Just before the UK parliament was dissolved for the May 6 general election, MPs approved a piece of legislation that should have a positive effect on the economies of hard-pressed developing countries. The private member’s Debt Relief (Developing Countries) Act is aimed specifically at operators of so-called vulture funds. These international loan sharks buy up debts of developing countries and then take action in the British courts to enforce payment.
They are mainly companies operating offshore, which already throws a shadow over their operations. The debts are bought at huge discounts while the country involved has to repay the full amount. The sickening aspect of this practice is that the vultures don’t act until the country is granted debt relief under the Heavily Indebted Poor Countries (HIPC) initiative.
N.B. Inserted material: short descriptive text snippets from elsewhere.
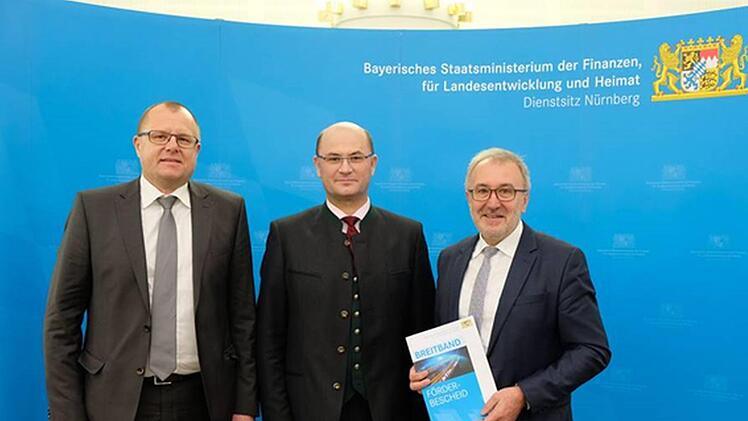 Finanz-Staatssektretär Albert Füracker (Mitte) übergibt den Förderbescheid an Bürgermeister Helmut Krämer (r.) und Geschäftsleiter Rüdiger Schmidt. Foto: Bayerisches Staatsministerium der Finanzen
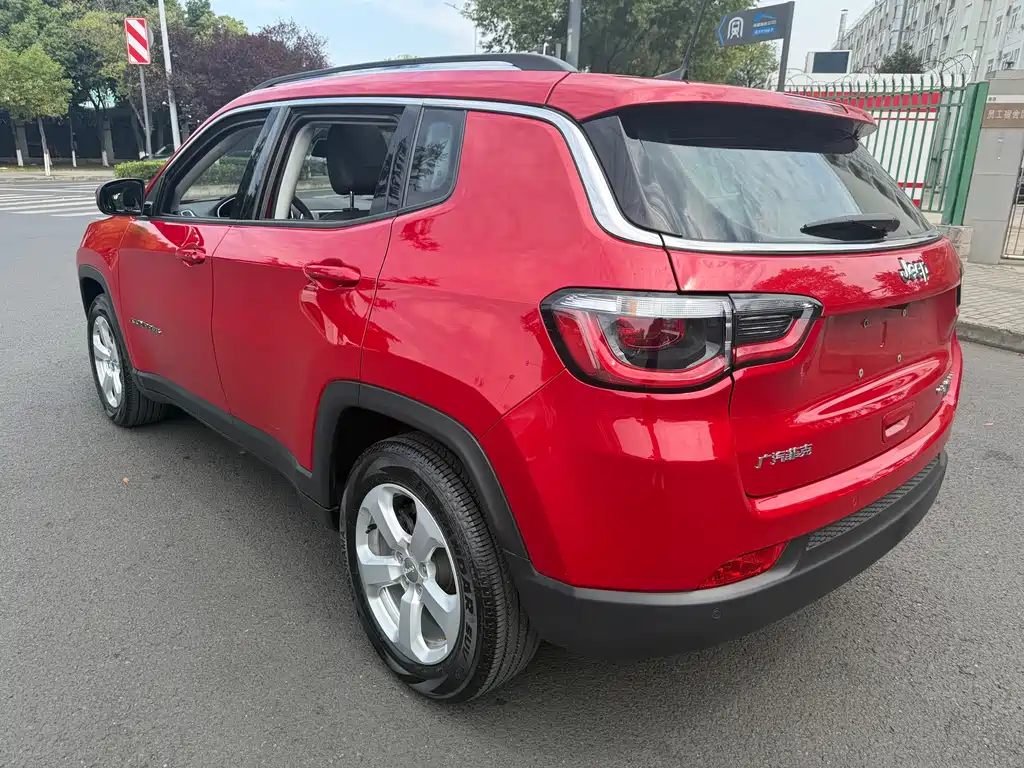Jeep Compass 2017 — фото 5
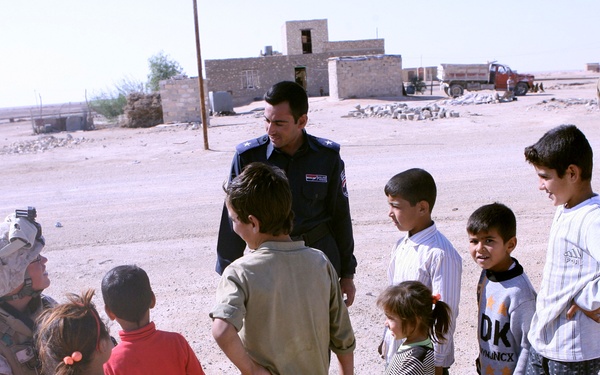 Marines, Iraqi Police build lasting relationship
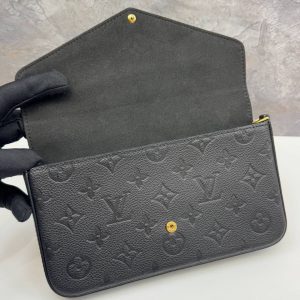 Клатч Louis Vuitton Felicie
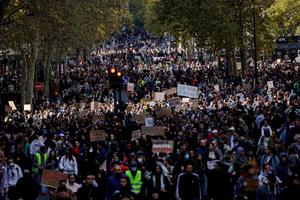 Des citoyens mobilisés lors des manifestations à Paris, le 17 octobre 2026.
So, instead of the money saved on debt relief going to social services and other much-needed projects, the loan sharks insist on being paid.
This legislation will be of great benefit to Liberia, whose government was facing the prospect of forking out $20 million to two vulture funds following a ruling by the High Court in London last November. The loan sharks had bought Liberia’s debt at a fraction of the sum. The case dates back to 1978. Liberia, which is still recovering from a civil war, has said that it did not have the funds to pay back the debt.
These loan sharks are getting too predatory for comfort. According to a 2008 World Bank report, 54 lawsuits had been instituted by commercial creditors against 12 HIPCs over the past decade for claims amounting to $1.5 billion. Naturally, these companies did not pay anything near that amount to secure the debt.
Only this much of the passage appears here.